Jonathan Zittrain is talking at a Berkman lunch, about Herdict. [Note: I’m liveblogging, making mistakes, missing stuf, go wrong in every which way.] Herdict wants to help create “an emegent sense of what’s going on with this network” especially as network blockages and filterings are happening. Herdict tries to enlist people at large to answer the question “What’s going on with the Net?”

In the first instance, the team picked terms that it thought a regime might find objectionable, logged in as if from that country, and saw which sites are blocked. They then asked anyone on the Net to contribute sites that might be blocked, which the team then checked. In the next instance, they used open proxies. Then they teamed up with the Open Net Initiative to rigorously test filtering in about 50 countries. The result was the book Access Denied.
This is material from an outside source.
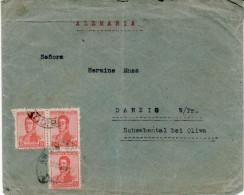 ARGENTINA 1920 LETTER SENT FROM IBICUY TO DANZIG / GDAŃSK / - Storia Postale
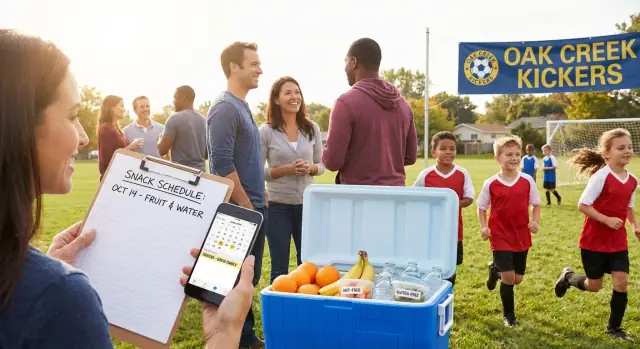 Team snack schedule for kids’ sports: simple plan for parents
But to scale, they created Herdict (the verdict of the herd). As you surf, the sheep logo changes color: Green means nothing is blocked, grey means some people are blocked from the site, red means people you know have reported that it’s inaccessible. When you can’t get to a site, you can create a report

The Herdict Web site (www.herdict.org) you can see a live map of blockages. You can also filter by country. You can also go to a page internally referred to as “AmIBlockedOrNot” — officially, “The Reporter” — that will show you pages and ask if you can see them.

Herdict is collecting information not just about government filters, but wherever you expected to find info and did not. E.g., if YouTube has taken content down, Herdict wants to know about it.

Q: Can it be gamed?
A: Yes. But we can also manually inspect suspicious reports of sites.

Q: Privacy?
A: We record the IP addresses of reporters. We want to know where people are reporting from.
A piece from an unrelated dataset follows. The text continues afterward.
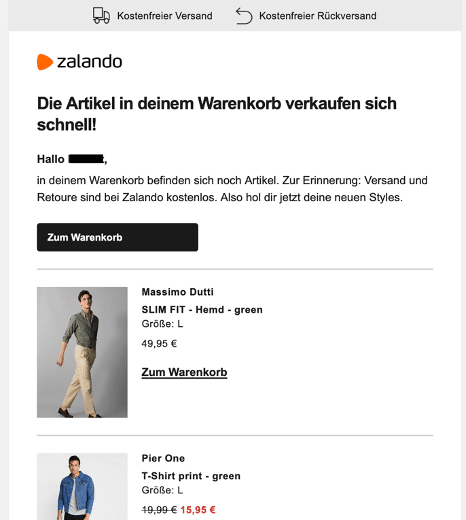 Kundenrückgewinnung mit Lead Nurturing von Zalando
Q: The biggest risk is the people doing the blocking will block the sheep-server.
A: The only real countermeasure is to let people access it over SSL.
A: When the first state tries to block it — remember, it’s not a circumvention tool; it doesn’t show you anything you can’t otherwise can’t get too — I’ll take it as the first measure of success.

Q: Suppose someone uses Tor to reach Herdict to make reports …
A: We’ll see that it’s someone using Tor.
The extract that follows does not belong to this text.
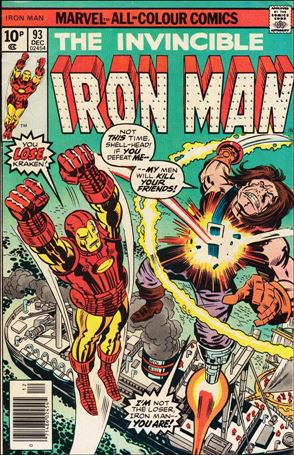 Iron Man (1968) issue 93-B UK Price Cover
Q: [me] In the best cse, how does this information get used to make the world better?
A: We’ll “out” blockages. It might make it more difficult for regimes to block sites. It also provides data to academics and others. You can learn a lot about China from what it chooses to filter and how the filtering changes. Finally, success would be fostering a sense of participation on the Net…a sense of the Net as something that’s improved by your own contributions, you’re building a commons, you’re building a “digital nervous system,” to quote Bill Gates, for the Internet. Most blocking happens by IP address, but those change over time, which means your site may be blocked into China; this would enable a “title search” on IP addresses to see what sort of troubles it’s had.

Q: You could piggyback on Twitter…
A: Twitter might be one of the sites that get filtered early by a state worried about Web 2.0. But, you could even come up with a hash tag on Twitter. And it’d give you an independent database of reports…
A: There is already a herdict twitter account.
A: We’re excited about the possibility of including Herdict as a default add-in to existing channels.
Q: It’d be great if, when you’re blocked, you get an error msg that lets you report it directly to Herdict.

Q: Some users are very interested in blocked sites. How do you protect the privacy of those users? E.g., Someone in China coming in to your central server?
A: We’re hoping that it’s not just activists who will use it. We could have an addon that checks sites in the background, but we don’t want to ask anyone to visit a site that they haven’t given actual permission to visit. But the Chinese (or whomever) can watch who is visiting the site. But we don’t put up your IP address; it’s not visible on the site.

A: We wouldn’t be adverse to Herdict notification being offered when you register a domain name: Would you like to be alerted if your site is being blocked?

A: On the Web site, we obey your choice about Google safe sites about which sites to show you. We also heed Google’s list of malware sites.

Q: Does the color of the sheep reflect the page or the site?
A: The site.

Q: [charlie nesson] You’re describing a piece of sw that will hold up a mirror to all of the powerful entities who are filtering. Could you comment on the political dimensions? And, how are you going to launch it? And, do you have any line of defense when the blowback comes?
A: When we first came out with the studies in 2002 — first of China and then of Saudi Arabia — that made a pretty good splash. The Saudis actually had given us permission to be on their network for 2 wks. Think of things that seem inane that then become indispensible, e.g., twitter, blogs, wikipedia. The dream is that Herdict become like this. My dream is that that happens so that when the blowback comes, knowing where you can get to and you can’t and why is just part of the functioning Internet. As for the introduction, let’s talk…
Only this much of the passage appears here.